■ Records for processing:

[Start of section]

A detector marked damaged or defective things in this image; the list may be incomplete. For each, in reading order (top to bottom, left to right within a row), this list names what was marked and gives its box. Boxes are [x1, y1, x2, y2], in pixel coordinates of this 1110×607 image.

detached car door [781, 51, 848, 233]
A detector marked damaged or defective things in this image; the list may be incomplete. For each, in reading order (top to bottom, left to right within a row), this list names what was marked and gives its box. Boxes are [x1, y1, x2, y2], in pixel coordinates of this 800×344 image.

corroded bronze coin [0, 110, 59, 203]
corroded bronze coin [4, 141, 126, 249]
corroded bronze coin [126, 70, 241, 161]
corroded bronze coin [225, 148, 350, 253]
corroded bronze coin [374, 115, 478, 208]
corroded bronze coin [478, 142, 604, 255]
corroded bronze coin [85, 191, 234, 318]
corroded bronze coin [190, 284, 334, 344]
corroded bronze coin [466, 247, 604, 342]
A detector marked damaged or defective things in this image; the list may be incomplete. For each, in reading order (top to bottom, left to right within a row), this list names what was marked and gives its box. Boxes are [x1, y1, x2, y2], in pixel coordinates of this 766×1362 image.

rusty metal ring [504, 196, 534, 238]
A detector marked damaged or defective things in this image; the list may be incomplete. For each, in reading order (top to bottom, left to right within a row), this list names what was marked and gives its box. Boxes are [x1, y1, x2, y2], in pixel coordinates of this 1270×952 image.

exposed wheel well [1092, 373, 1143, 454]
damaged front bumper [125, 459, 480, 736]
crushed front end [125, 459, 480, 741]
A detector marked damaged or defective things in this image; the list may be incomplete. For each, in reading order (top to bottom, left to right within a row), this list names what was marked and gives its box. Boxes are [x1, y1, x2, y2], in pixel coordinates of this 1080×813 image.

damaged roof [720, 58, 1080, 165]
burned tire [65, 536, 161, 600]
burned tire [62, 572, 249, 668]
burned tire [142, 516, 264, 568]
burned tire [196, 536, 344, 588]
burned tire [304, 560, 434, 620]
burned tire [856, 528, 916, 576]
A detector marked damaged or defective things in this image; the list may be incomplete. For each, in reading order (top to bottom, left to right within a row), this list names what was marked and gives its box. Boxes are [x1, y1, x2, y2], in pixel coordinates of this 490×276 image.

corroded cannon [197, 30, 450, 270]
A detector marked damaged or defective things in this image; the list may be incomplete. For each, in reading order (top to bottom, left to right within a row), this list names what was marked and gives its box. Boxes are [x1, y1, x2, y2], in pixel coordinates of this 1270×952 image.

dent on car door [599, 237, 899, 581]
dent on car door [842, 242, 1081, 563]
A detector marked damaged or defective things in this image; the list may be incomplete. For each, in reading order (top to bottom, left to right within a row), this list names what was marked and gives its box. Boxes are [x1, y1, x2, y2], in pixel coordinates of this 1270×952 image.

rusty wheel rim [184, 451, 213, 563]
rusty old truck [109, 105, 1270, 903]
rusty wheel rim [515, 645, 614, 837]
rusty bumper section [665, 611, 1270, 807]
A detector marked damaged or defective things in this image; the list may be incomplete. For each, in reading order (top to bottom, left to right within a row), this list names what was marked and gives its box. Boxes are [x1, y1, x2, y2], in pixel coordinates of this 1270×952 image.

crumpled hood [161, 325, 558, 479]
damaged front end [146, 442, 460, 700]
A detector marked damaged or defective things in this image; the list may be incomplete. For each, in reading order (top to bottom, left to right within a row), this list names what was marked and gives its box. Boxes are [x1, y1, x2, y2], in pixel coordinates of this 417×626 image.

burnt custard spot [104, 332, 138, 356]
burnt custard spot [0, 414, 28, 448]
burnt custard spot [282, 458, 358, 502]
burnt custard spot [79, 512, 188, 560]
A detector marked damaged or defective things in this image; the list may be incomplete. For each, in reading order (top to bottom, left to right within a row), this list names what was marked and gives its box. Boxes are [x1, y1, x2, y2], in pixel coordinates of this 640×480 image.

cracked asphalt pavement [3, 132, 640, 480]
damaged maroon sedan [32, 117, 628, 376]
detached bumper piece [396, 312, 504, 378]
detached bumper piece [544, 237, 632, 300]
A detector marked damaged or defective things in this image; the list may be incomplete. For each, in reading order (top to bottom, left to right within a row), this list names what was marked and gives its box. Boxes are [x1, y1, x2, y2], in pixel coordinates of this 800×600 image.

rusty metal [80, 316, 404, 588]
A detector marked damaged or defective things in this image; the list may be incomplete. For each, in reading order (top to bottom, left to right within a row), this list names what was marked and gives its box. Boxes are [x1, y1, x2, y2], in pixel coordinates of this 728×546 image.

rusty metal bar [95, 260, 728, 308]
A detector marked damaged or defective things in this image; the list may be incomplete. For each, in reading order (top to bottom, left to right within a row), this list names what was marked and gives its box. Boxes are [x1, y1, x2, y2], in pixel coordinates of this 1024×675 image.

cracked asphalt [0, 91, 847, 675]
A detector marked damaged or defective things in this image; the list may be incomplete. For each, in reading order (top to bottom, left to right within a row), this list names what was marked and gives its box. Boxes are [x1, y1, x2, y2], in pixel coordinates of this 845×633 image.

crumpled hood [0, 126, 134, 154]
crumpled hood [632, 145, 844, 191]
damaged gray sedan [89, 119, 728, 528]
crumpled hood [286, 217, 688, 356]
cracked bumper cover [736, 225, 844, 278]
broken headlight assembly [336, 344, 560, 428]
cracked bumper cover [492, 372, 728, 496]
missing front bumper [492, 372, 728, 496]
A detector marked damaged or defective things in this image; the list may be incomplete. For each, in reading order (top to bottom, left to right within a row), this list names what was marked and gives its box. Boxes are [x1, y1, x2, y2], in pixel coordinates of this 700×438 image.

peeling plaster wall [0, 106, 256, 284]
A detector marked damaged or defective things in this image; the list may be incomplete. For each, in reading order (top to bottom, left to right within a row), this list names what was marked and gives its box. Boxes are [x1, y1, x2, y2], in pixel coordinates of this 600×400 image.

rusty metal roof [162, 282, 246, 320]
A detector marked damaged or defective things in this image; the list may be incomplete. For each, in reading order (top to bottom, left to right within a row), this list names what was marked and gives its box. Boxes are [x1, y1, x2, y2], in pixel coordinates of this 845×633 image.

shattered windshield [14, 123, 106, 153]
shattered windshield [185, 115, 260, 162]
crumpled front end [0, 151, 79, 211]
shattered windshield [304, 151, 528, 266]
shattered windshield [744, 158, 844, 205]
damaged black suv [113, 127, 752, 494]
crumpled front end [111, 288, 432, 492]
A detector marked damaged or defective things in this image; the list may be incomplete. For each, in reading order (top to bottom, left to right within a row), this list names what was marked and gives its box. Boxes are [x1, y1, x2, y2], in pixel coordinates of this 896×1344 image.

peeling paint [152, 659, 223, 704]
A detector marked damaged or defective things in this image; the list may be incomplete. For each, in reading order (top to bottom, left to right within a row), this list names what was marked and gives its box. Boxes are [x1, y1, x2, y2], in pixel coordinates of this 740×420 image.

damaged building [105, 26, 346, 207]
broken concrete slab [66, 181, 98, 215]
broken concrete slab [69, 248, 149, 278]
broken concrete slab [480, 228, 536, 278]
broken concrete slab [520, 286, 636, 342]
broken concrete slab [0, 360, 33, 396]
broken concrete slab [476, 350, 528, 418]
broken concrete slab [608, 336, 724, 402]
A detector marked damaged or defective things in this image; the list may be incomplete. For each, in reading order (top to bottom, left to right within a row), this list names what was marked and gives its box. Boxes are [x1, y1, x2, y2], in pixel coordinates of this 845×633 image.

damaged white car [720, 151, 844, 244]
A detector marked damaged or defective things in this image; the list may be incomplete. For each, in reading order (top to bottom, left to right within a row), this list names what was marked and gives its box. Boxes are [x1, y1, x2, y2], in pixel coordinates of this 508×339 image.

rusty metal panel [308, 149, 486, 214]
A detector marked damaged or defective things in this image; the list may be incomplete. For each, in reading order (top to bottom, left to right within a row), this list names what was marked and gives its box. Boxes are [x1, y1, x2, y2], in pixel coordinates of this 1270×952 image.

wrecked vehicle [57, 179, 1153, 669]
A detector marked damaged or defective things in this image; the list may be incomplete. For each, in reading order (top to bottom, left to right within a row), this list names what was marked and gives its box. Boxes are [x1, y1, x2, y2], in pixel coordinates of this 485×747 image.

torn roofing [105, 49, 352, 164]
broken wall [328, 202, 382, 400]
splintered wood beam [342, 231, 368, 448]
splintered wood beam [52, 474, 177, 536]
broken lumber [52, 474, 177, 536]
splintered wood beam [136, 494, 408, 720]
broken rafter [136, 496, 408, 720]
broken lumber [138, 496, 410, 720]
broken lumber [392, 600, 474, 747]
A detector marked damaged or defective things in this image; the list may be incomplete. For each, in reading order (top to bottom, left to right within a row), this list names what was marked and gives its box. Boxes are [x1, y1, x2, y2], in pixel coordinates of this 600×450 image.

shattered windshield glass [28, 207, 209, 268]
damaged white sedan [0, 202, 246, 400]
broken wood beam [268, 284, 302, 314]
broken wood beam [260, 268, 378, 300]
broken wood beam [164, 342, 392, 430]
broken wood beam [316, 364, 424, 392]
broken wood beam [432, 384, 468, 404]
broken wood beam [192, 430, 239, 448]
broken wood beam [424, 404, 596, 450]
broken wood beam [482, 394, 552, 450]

[End of section]

■ Exercise brief: Only the lines from the one containing "this 485×747 image." through the end of the listing belong in the response, each reproduced exactly.

■ Result for this task:
A detector marked damaged or defective things in this image; the list may be incomplete. For each, in reading order (top to bottom, left to right within a row), this list names what was marked and gives its box. Boxes are [x1, y1, x2, y2], in pixel coordinates of this 485×747 image.

torn roofing [105, 49, 352, 164]
broken wall [328, 202, 382, 400]
splintered wood beam [342, 231, 368, 448]
splintered wood beam [52, 474, 177, 536]
broken lumber [52, 474, 177, 536]
splintered wood beam [136, 494, 408, 720]
broken rafter [136, 496, 408, 720]
broken lumber [138, 496, 410, 720]
broken lumber [392, 600, 474, 747]
A detector marked damaged or defective things in this image; the list may be incomplete. For each, in reading order (top to bottom, left to right within a row), this list names what was marked and gives its box. Boxes are [x1, y1, x2, y2], in pixel coordinates of this 600×450 image.

shattered windshield glass [28, 207, 209, 268]
damaged white sedan [0, 202, 246, 400]
broken wood beam [268, 284, 302, 314]
broken wood beam [260, 268, 378, 300]
broken wood beam [164, 342, 392, 430]
broken wood beam [316, 364, 424, 392]
broken wood beam [432, 384, 468, 404]
broken wood beam [192, 430, 239, 448]
broken wood beam [424, 404, 596, 450]
broken wood beam [482, 394, 552, 450]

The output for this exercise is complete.